Here the speaker may show the book and state its price, and proceed with the selling. If the sale is made while the audience is leaving, nothing further need be said, and if the sale is the last thing in the meeting it is useless to ask the audience to remain seated during the sale. They get irritated and the meeting breaks up in confusion. See that your salesmen are posted at the exits where they will face the audience as it leaves. At one big meeting in Pittsburg where the sales of a fifty cent book reached over sixty dollars they would have been double but some of the sellers came to the front, and while the audience was clamoring for books which could not be had at the doors, these sellers were following the audience in the rear with armfuls which they had no chance to sell.

If the sale is made before the lecture while the sellers are passing through the audience the speaker should continue speaking of the book so as to sustain interest. There will be no loss of time making change if the right priced books are sold. 10c, 25c, 50c or $1 are right prices. At a public meeting it is a mistake to try to sell a book at an odd price as 15c or 35c or 60c. The demand dies and the audience gets impatient while the sellers are trying to make change.

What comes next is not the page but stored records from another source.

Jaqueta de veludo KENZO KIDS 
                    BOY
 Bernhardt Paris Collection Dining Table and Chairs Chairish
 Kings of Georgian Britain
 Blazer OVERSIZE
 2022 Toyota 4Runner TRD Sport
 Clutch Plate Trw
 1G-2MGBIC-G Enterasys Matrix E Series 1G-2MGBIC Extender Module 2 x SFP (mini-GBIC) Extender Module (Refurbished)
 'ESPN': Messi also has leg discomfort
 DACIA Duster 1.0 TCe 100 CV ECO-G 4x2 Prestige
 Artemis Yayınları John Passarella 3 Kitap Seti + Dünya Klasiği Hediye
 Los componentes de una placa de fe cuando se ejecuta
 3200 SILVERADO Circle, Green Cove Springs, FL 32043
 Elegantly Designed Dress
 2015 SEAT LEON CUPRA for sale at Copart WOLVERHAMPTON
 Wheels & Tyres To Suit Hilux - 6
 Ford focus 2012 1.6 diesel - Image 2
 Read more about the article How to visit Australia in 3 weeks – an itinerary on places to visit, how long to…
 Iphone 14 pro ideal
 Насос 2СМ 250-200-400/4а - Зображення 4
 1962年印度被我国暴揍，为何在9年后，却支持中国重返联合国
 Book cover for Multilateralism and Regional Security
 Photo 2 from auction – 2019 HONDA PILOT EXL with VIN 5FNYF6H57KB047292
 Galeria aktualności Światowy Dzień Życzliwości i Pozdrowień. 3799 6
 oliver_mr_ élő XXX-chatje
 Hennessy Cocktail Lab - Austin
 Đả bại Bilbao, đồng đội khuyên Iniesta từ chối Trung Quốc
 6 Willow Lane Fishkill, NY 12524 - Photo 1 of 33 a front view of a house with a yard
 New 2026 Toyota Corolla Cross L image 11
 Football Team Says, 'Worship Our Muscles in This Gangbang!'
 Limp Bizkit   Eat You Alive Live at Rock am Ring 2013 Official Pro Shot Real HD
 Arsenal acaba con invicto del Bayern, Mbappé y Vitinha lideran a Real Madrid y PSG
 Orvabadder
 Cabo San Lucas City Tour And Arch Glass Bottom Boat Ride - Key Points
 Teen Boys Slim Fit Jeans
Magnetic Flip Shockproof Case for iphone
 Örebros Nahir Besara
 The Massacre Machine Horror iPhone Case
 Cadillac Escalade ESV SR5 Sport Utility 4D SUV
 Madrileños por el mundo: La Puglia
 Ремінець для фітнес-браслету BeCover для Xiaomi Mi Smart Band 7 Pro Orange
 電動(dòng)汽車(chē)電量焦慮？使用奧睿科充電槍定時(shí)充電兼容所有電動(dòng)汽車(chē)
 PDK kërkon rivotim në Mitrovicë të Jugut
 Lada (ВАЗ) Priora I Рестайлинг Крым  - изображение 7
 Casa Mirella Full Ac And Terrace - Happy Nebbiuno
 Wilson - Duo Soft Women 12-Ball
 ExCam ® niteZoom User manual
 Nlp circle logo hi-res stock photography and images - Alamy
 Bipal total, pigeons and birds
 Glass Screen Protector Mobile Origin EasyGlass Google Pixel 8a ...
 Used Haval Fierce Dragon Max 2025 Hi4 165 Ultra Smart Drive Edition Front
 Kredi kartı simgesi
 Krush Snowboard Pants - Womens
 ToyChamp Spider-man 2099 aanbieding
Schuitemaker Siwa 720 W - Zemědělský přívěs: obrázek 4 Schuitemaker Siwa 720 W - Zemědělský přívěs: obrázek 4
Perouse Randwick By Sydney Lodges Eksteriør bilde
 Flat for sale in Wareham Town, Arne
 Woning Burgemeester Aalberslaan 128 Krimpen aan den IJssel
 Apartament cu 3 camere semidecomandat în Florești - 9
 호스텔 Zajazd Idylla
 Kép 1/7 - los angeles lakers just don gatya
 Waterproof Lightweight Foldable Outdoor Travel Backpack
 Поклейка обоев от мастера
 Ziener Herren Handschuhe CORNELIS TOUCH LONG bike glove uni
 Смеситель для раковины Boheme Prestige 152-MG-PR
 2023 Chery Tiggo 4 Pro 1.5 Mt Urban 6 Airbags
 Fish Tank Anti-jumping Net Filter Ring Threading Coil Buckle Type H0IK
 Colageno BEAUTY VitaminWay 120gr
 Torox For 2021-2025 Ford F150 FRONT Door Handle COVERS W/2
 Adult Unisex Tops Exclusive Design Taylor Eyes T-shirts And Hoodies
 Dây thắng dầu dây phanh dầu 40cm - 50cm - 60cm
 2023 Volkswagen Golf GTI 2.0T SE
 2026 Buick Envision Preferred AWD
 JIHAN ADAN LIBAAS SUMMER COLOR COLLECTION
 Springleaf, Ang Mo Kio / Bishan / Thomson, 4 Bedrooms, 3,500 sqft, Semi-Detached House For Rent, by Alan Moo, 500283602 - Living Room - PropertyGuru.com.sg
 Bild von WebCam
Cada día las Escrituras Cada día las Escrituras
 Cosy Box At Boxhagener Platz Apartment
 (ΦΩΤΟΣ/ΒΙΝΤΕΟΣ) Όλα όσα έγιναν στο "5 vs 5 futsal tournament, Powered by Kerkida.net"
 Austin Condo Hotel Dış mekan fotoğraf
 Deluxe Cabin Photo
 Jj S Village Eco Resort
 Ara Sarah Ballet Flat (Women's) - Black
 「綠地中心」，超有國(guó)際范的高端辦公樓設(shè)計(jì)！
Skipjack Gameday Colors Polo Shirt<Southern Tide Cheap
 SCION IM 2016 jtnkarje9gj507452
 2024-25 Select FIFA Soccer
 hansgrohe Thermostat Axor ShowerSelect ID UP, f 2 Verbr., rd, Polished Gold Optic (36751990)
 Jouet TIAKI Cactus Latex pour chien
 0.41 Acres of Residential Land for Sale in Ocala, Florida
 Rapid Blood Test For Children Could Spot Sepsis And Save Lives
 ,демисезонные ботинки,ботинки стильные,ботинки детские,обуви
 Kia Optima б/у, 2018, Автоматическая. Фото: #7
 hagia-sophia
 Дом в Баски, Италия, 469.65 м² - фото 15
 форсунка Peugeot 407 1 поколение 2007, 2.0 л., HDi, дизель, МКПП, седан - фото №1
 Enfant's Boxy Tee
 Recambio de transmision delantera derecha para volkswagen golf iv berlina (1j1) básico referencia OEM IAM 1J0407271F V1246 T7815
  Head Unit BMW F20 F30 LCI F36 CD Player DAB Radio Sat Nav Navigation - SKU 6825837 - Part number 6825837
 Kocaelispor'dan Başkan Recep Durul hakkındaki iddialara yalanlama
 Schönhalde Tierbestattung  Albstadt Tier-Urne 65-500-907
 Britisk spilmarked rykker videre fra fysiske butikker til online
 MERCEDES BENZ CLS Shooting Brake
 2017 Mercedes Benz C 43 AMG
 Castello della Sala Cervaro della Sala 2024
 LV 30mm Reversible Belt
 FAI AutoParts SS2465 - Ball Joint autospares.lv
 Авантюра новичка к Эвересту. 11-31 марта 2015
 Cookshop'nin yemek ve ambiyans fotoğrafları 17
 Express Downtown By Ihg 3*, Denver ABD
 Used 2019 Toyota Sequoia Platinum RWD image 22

The speaker who endeavors to make a success of book-selling at his meetings will find his labors doubled. The larger his sales the greater his labors. On my last western trip I sold on an average half a trunk full of books at each meeting and I had no spare moment from the work of ordering by telegram and rushing around to express offices and getting the books to the meetings. But the rewards are great. My trips are always a financial success and the books I leave scattered on my trail do far more good than the lectures I delivered.

CHAPTER XXII
CONCLUSION

In concluding this series I will group several items of importance which did not suggest themselves under any previous head.

Gestures should be carefully watched, especially at the beginning, when future habits are in the process of formation. They should not be affected or mechanical like those of the child reciting something of which it does not understand the sense.